Non si vede, quindi, come possa negarsi che il ritardo imputabile alla promittente venditrice abbia superato ogni ragionevole limite di tolleranza, alla stregua di ciò che le parti avevano pianificato in sede contrattuale e del comportamento delle stesse posteriore alla conclusione del preliminare, sicché risulta senz’altro legittimo il recesso esercitato dal promissario acquirente ai sensi dell’art. 1385 c.c. e conseguentemente dovutagli la somma di €41.000,00, di cui €40.000,00, pari al doppio della caparra confirmatoria (v. contratto preliminare dell’1.9.11) e €1.000,00 versati a titolo di ulteriore acconto (v. scrittura integrativa del preliminare del 12.3.12 e relativo assegno emesso in pari data e ricevuto dalla YYY).
Non spetta, invece, all’appellante l’ulteriore somma di €2.768,00 richiesta a titolo di risarcimento del danno, corrispondente alla spesa sostenuta per il pagamento della provvigione all’intermediario immobiliare *** (€2.500,00) e dell’imposta di registro (€268,00).
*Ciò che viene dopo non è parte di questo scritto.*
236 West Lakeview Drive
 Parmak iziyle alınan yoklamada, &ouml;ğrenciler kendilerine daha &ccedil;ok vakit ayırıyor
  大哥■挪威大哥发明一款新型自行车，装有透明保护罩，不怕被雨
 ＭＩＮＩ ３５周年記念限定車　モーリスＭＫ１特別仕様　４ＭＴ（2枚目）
In caso di inadempimento di un contratto con caparra confirmatoria, infatti, la parte non inadempiente può agire in giudizio esercitando il diritto di recesso e il diritto di ritenere la caparra, ma non può chiedere anche il risarcimento del danno cagionato dall’inadempimento (Cass. 26206/17; Cass. 387/05).
Ciò in quanto la caparra confirmatoria ex art. 1385 c.c. ha la funzione di liquidare convenzionalmente il danno da inadempimento in favore della parte non inadempiente che intenda esercitare il potere di recesso conferitole ex lege, sicché, ove ciò avvenga, essa è legittimata a ritenere la caparra ricevuta ovvero ad esigere il doppio di quella versata (Cass. 8417/16; 9367/12).
Ne consegue, pertanto, che, in riforma della sentenza, va parzialmente accolta l’opposizione a decreto ingiuntivo proposta dall’appellata, la quale deve essere condannata a pagare all’appellante la somma di €41.000,00 (in luogo di quella richiesta di €43.768,00), oltre gli interessi legali dalla costituzione in mora (30.5.12) al saldo, revocato il decreto ingiuntivo.
La regolazione delle spese del doppio grado, da liquidarsi come in dispositivo, segue la soccombenza.
P.Q.M.
La Corte d’Appello di Bari, Seconda Sezione Civile, definitivamente pronunciando sull’appello proposto da XXX, con citazione del 28.7.15, avverso la sentenza n. /15 del 19.6.15 emessa dal tribunale di Bari – articolazione territoriale di Altamura, così provvede:
1. accoglie l’appello e, per l’effetto, in riforma della sentenza, accoglie parzialmente l’opposizione proposta, con citazione del 24.9.12, da YYY avverso il decreto ingiuntivo n. 289/12 del 21.6.12 emesso dal tribunale di Bari – articolazione territoriale di Altamura in favore di XXX e, per l’effetto, revocato il decreto, condanna YYY a pagare a XXX la somma di €41.000,00, oltre gli interessi legali dal 30.5.12 al saldo;
2. condanna l’appellata a rifondere all’appellante le spese di lite, liquidate in €6.738,00 per il primo grado e in €6.615,00 per l’appello, oltre rimborso spese generali, iva e cpa come per legge. Così deciso, nella camera di consiglio del 3 maggio 2019.